New “Rabbit Or a Duck” Illusion

Ramy Jaber wrote: “Hey! I love your website… Keeps me busy for hours and is my number one source for procrastination. I just saw your “rabbit or duck?” illusion, and I have seen it before. But the version I know is more of a drawing than an animation… Kind of a cooler effect”. As Ramy said, it’s a variation of previous Rabbit Duck illusion, that was posted two days ago. Can you see both animals in the picture below? Sure you can! After you’re finished, be sure to check spot the object category for dozen of more illusions.
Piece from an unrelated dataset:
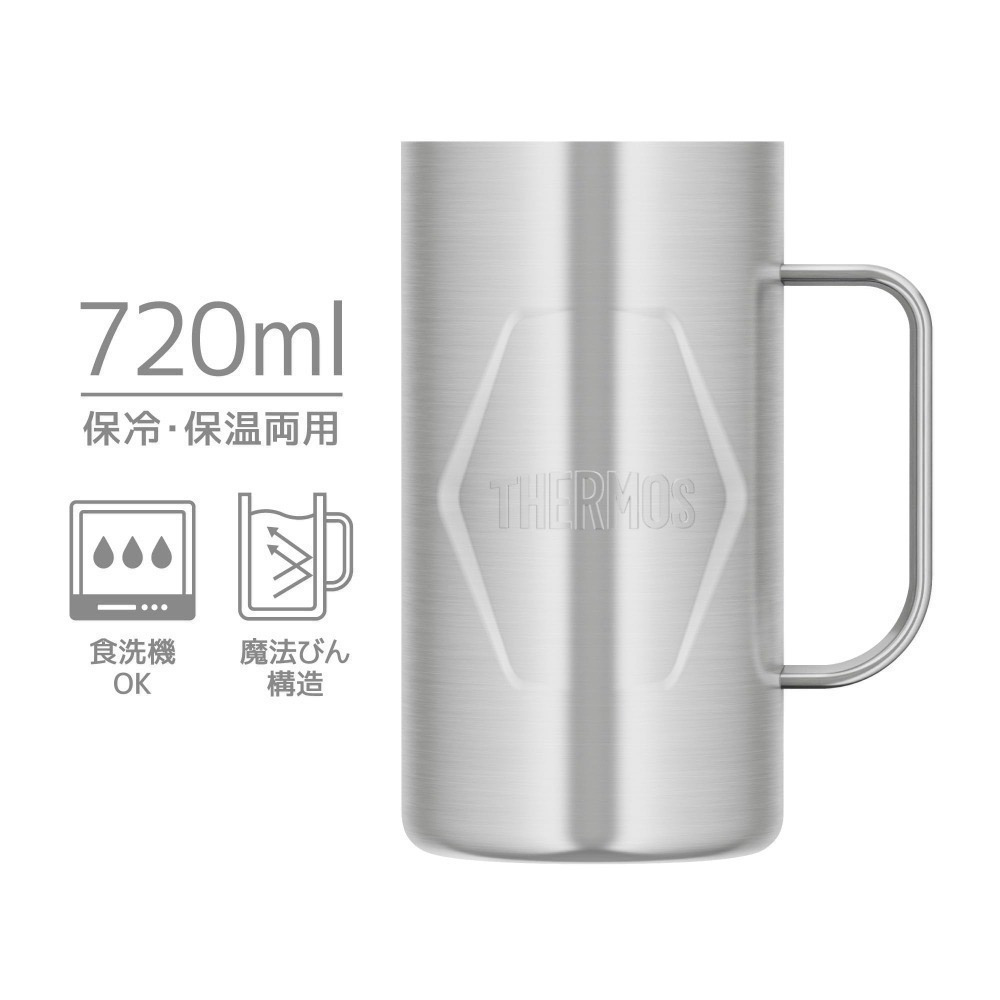 THERMOS膳魔師 600 / 720ml 新款 不鏽鋼杯 真空隔熱保冷冰沁杯 啤酒杯JDK-721 JDK-601-細節圖4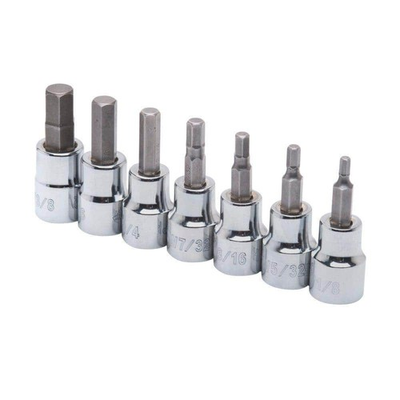 #ad Husky 3 8 in. Drive SAE Hex Bit Socket Set 7 Piece $11.95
Specially notice these popular illusions: autumn motives, hybrid images, circles or spiral and swans illusion by Salvador Dali.
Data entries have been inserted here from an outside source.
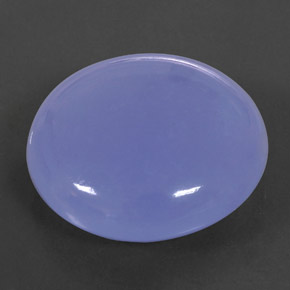 Calcedônia azul natural 38,12ct, transparente, transparente/translúcido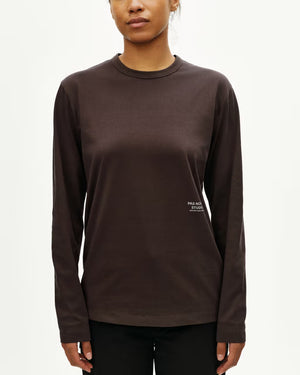 Pas Normal Studios //Off-Race Cotton Tech Long Sleeve T-Shirt Dark Purple — 5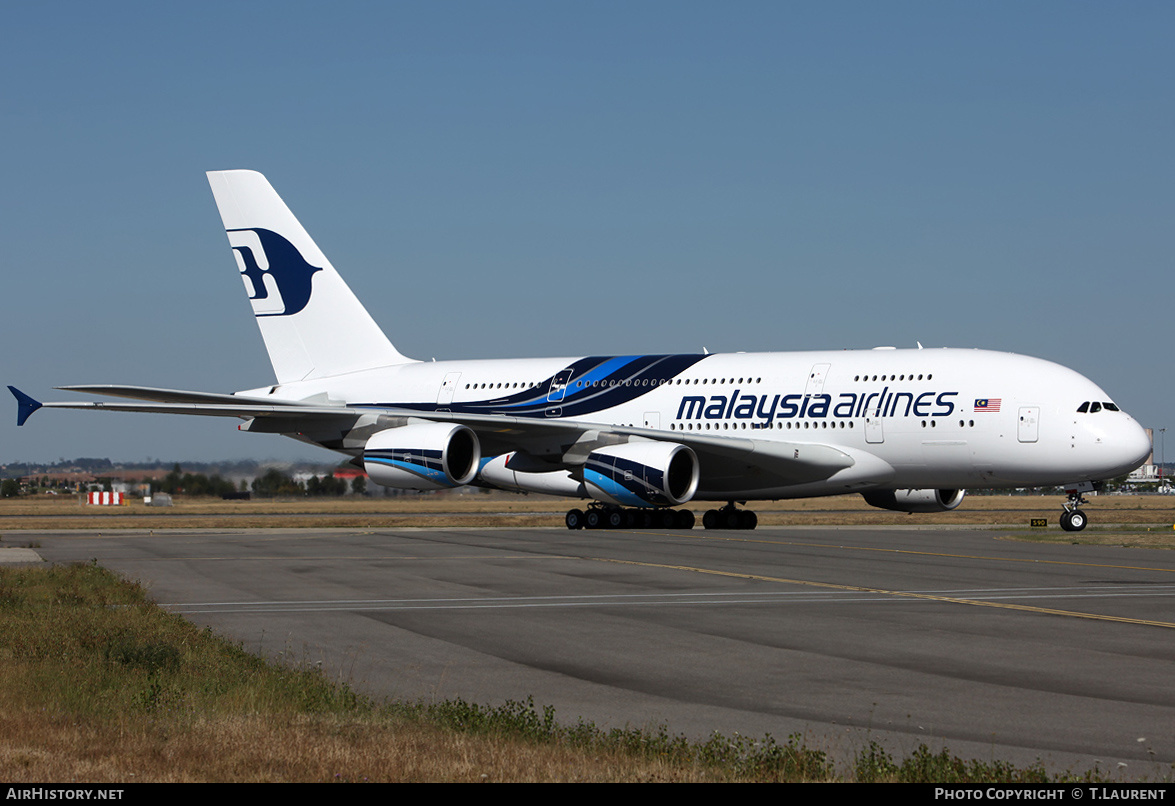 Aircraft Photo of F-WWAJ | Airbus A380-841 | Malaysia Airlines | AirHistory.net #201091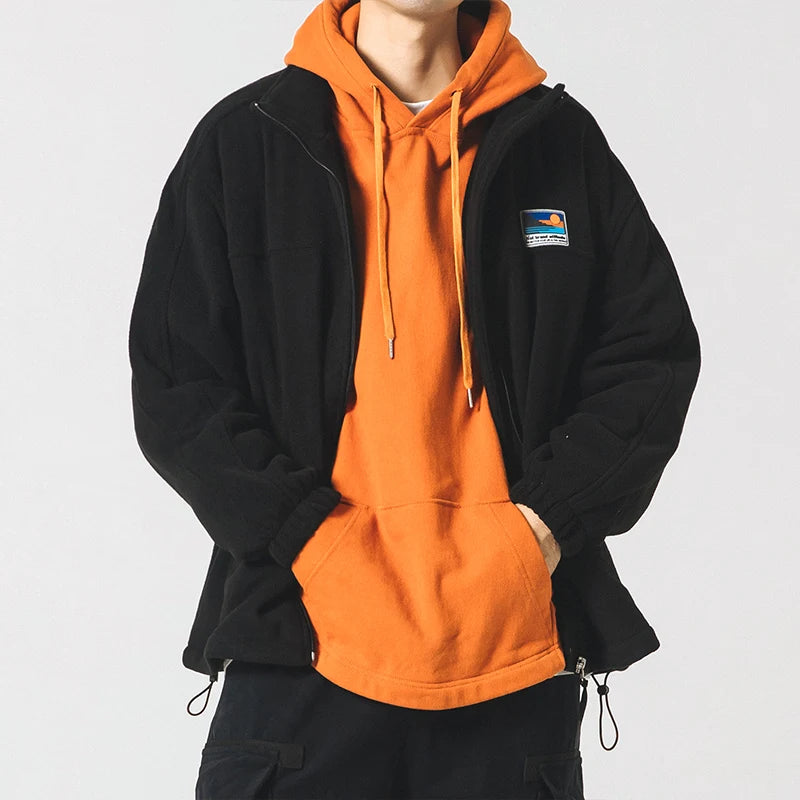 Mantel Männer Kleidung Harajuku Casual Strickjacke Hip Hop Paar Tops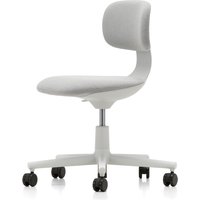 Vitra - Rookie Bürostuhl, soft grey / Plano cremeweiß / sierragrau (Hartbodenrollen) von Vitra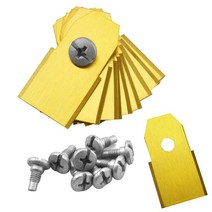 벌초 무선 예초기 충전식 전동 잔디 깍기 깍이 전기 풀 잡초 깎기 잔디 로봇 블레이드 황금 티타늄 도금 깎, 02 2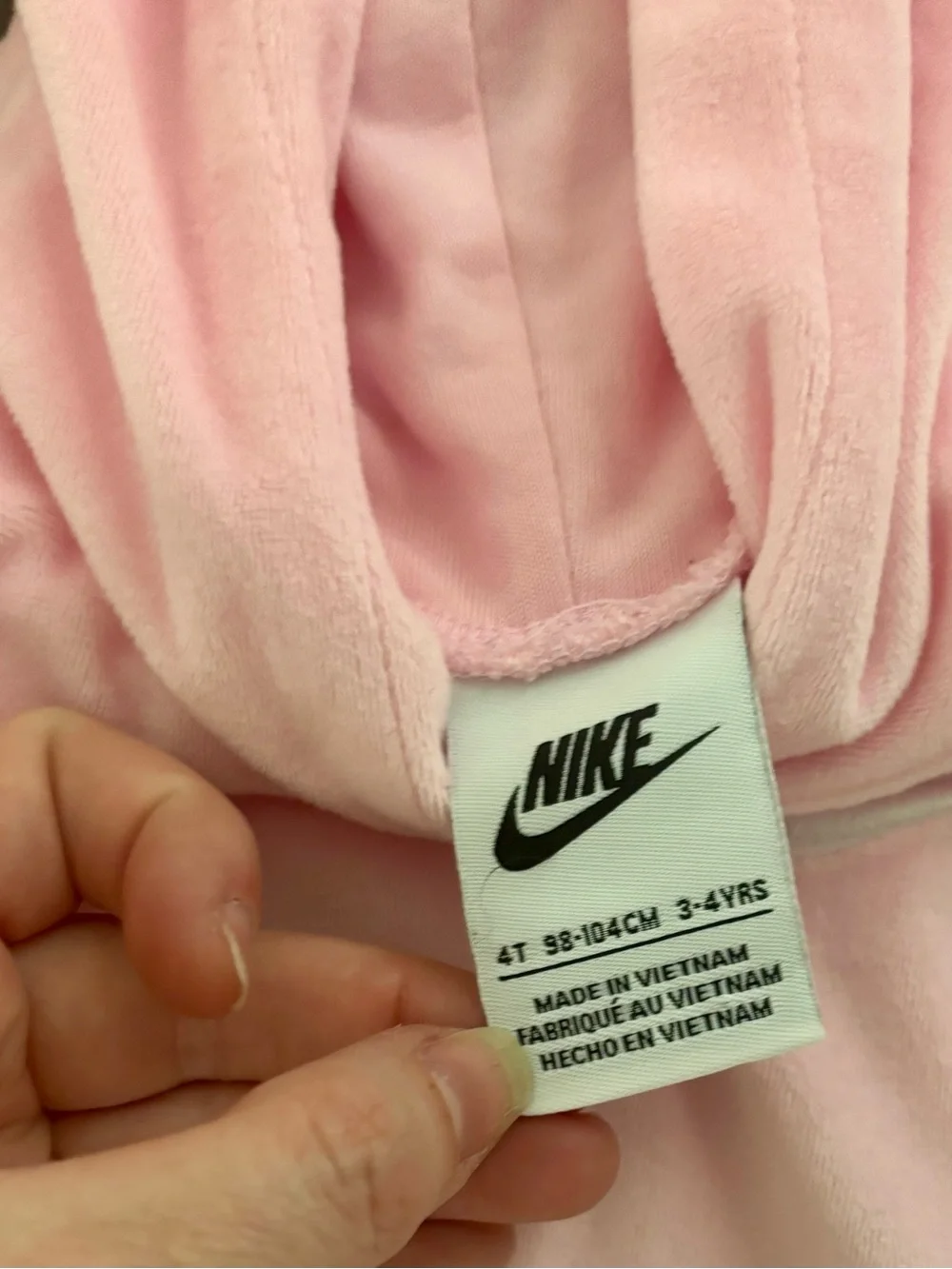 Nike Pink Hoodie & Jogger Set toddler track suit Mean Girls 4t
19 Replies to “New “Rabbit Or a Duck” Illusion”

  1. The title for this should be “New” Rabbit or a Duck Illusion. This one has been around for a while… Not on this site perhaps but it’s not new.
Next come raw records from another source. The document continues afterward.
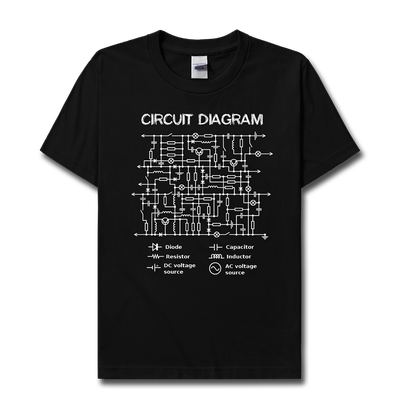 电路图circuitdiagram短袖T恤
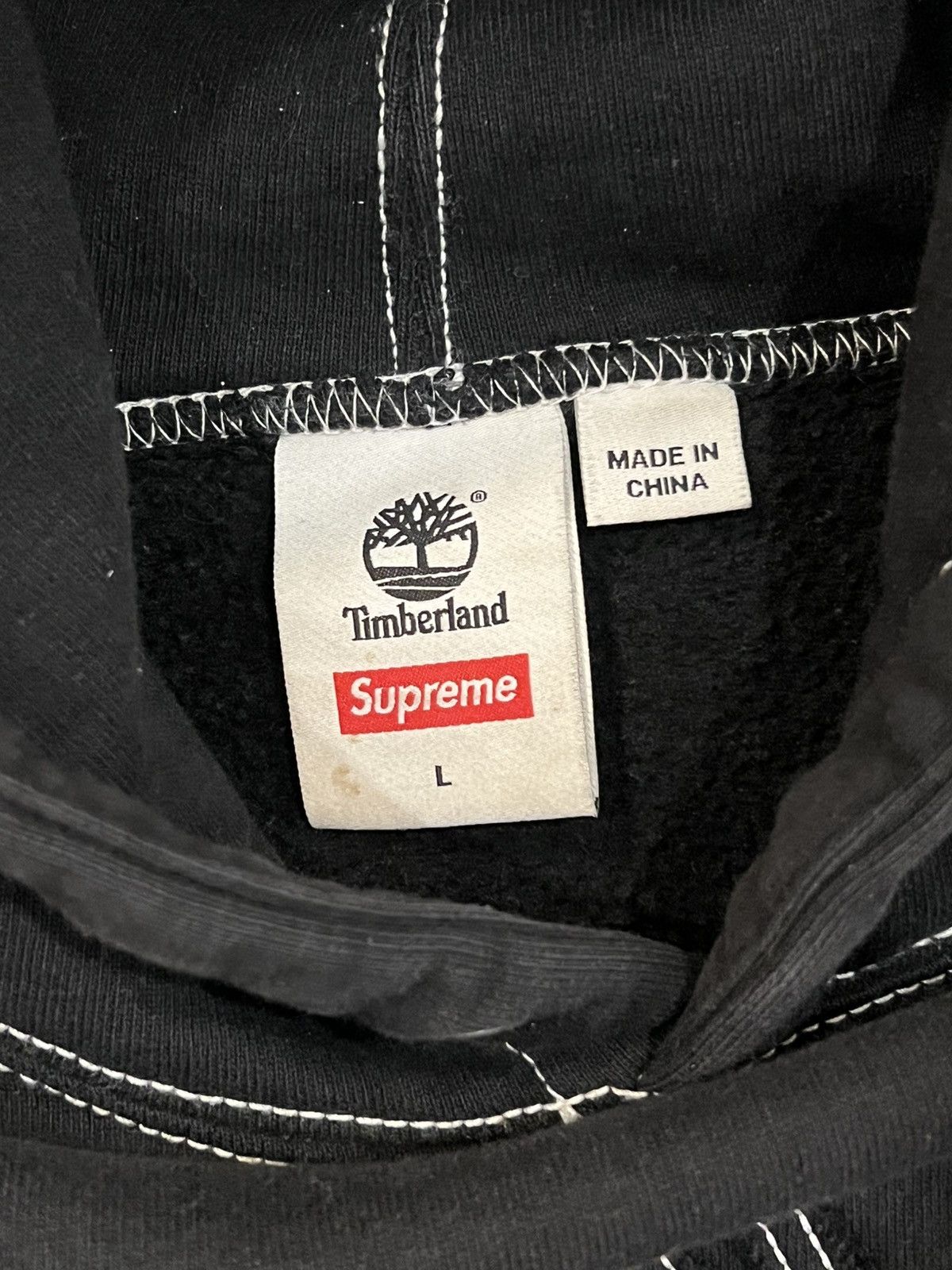Supreme × Timberland Supreme x Timberland Hooded Sweatshirt (SS23) Size US L / EU 52-54 / 3 - 4 Thumbnail
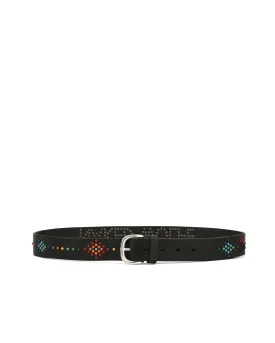 Western Belt Black Leather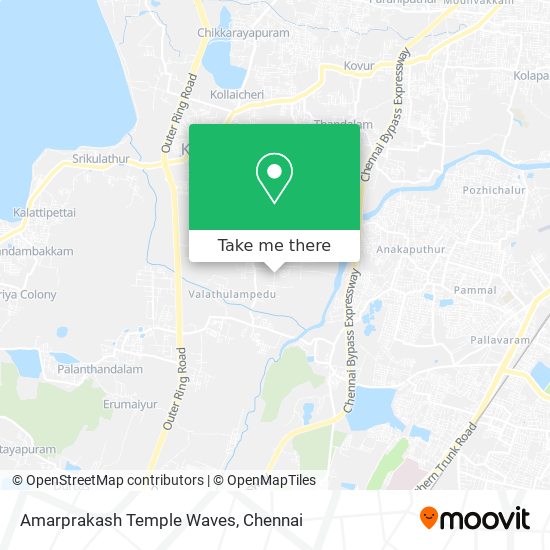 Amarprakash Temple Waves map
  2. “popularised” by Ludwig Wittgenstein in his Philosophical Investigations (1953, including a sketch of the duckrabbit:

    “I contemplate a face, and then suddenly notice its likeness to another. I see that it has not changed; and yet I see it differently. I call this experience “noticing an aspect…” And I must distinguish between the ‘continuous seeing’ of an aspect and the ‘dawning’ of an aspect…. I see two pictures, with the duck-rabbit surrounded by rabbits in one, by ducks in the other. I do not notice that they are the same. Does it follow from this that I see something different in the two cases? It gives us a reason for using this expression here. “ I saw it quite differently, I should never have recognized it!” Now, that is an exclamation. And there is also a justification for it. I should never have thought of superimposing the heads like that, of making this comparison between them…. I describe the alteration (change of aspect) like a perception; quite as if the object had altered before my eyes…. The expression of a change of aspect is the expression of a new perception and at the same time of the perception’s being unchanged. I suddenly see the solution of a puzzle-picture.”

    The duckrabbit was a perceptually ambiguous figure originally introduced by the Gestalt psychologist J. Jastrow in his book Fact and Fable in Psychology (1900).